===== Exercise input

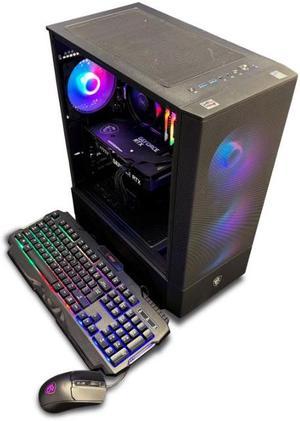 NSX GAMING PC Desktop - AMD Ryzen 5 5600G, 16GB DDR4 3600 NSX GAMING PC Desktop - AMD Ryzen 5 5600G, 16GB DDR4 3600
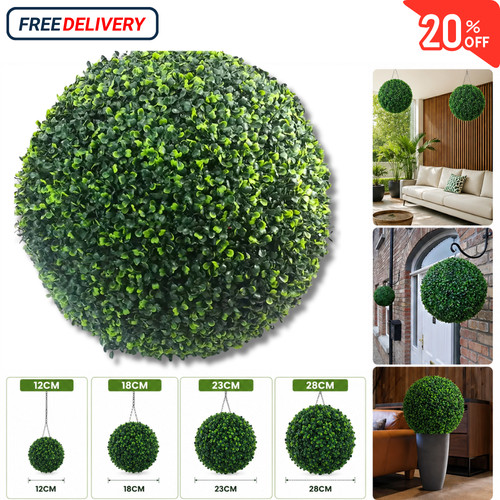 36cm artificial hanging - 12-36cm,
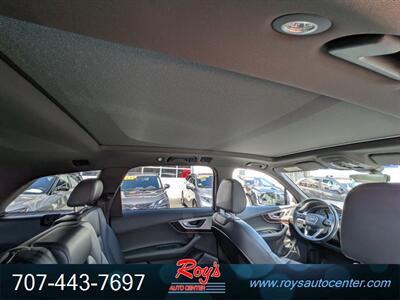 2019 Audi Q7 quattro Premium 45 TFSI  AWD - Photo 16 - Eureka, CA 95501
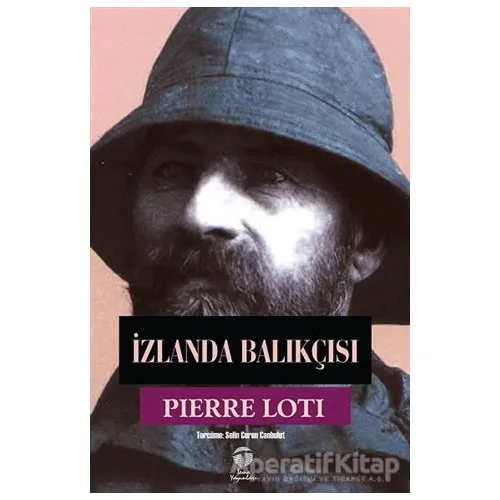 İzlanda Balıkçısı - Pierre Loti - Tema Yayınları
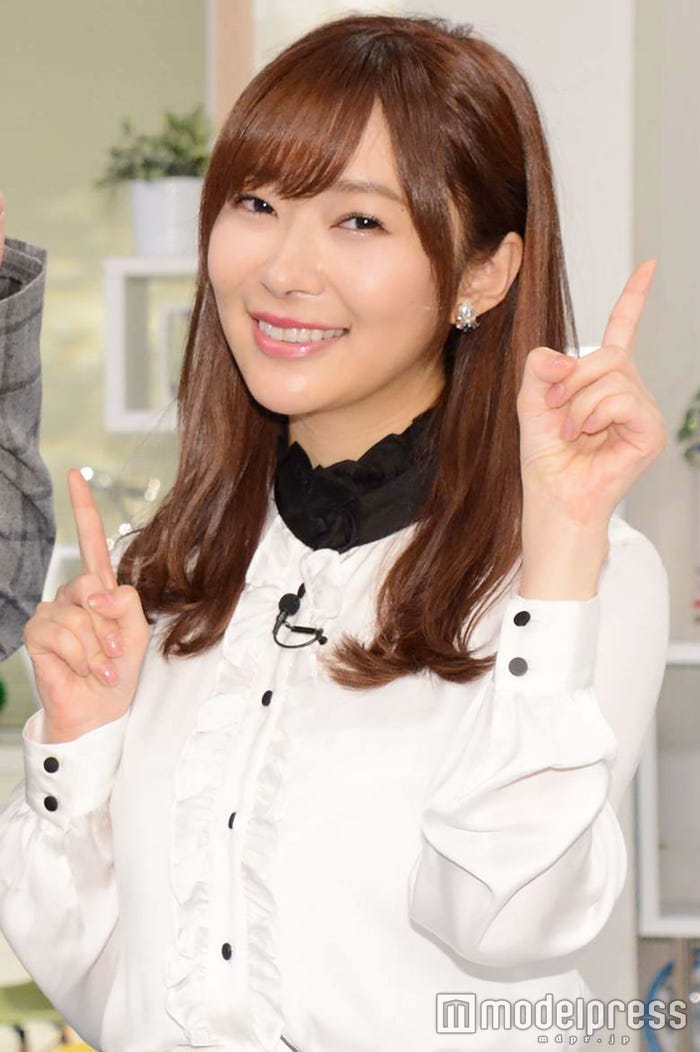 指原莉乃(C)モデルプレス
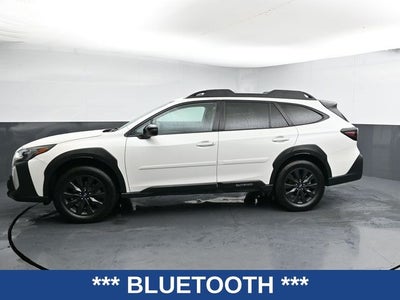 2025 Subaru Outback Onyx Edition XT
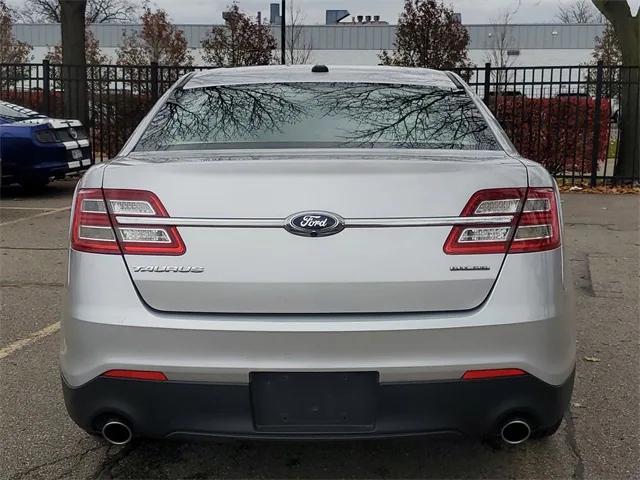 used 2016 Ford Taurus car, priced at $12,988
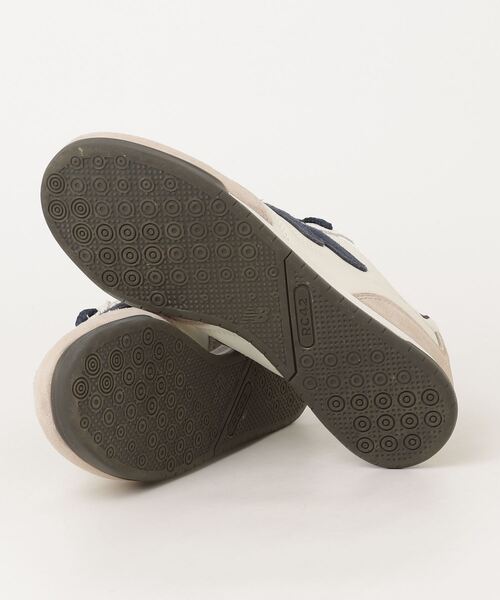 「New Balance」 ローカットスニーカー 24.5cm ベージュ レディース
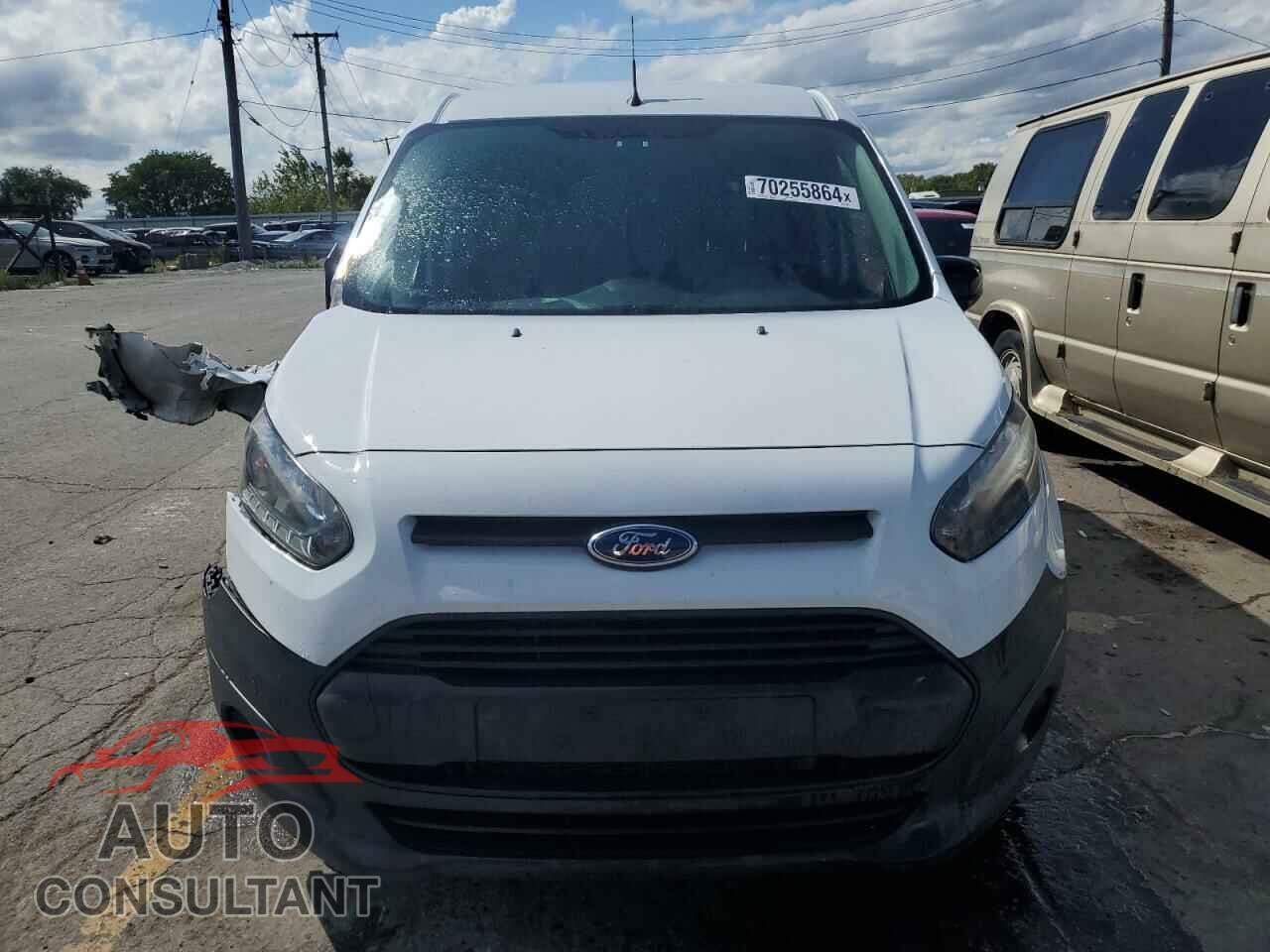 FORD TRANSIT 2016 - NM0LS6E71G1245519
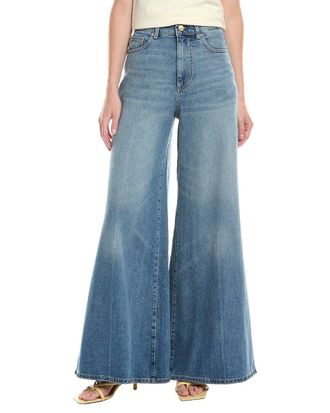 DL1961 Dl1961 Lucila Wythe Ultra Wide Leg Jean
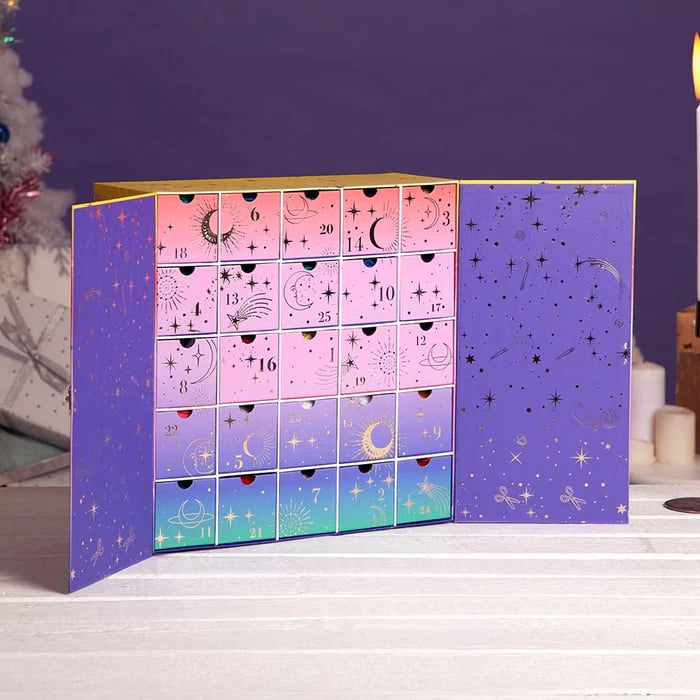 🎅Limitált ünnepi kiadás! 🧵Horgolt adventi naptár 2025🎉(🔥Pont, mint a filmben)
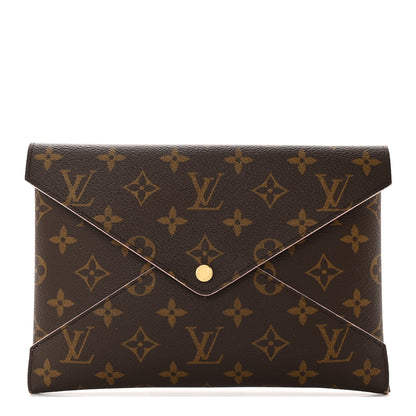 Louis Vuitton Monogram Kirigami Pochette Set 2 of 11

==========

* Required work
Leaving the images out, print the records above exactly.

* Response below
 NSX GAMING PC Desktop - AMD Ryzen 5 5600G, 16GB DDR4 3600 NSX GAMING PC Desktop - AMD Ryzen 5 5600G, 16GB DDR4 3600
 36cm artificial hanging - 12-36cm,
 2019 Audi Q7 quattro Premium 45 TFSI  AWD - Photo 16 - Eureka, CA 95501
 İzlanda Balıkçısı - Pierre Loti - Tema Yayınları
 指原莉乃(C)モデルプレス
 2025 Subaru Outback Onyx Edition XT
 used 2016 Ford Taurus car, priced at $12,988
 「New Balance」 ローカットスニーカー 24.5cm ベージュ レディース
 FORD TRANSIT 2016 - NM0LS6E71G1245519
 DL1961 Dl1961 Lucila Wythe Ultra Wide Leg Jean
 🎅Limitált ünnepi kiadás! 🧵Horgolt adventi naptár 2025🎉(🔥Pont, mint a filmben)
 Louis Vuitton Monogram Kirigami Pochette Set 2 of 11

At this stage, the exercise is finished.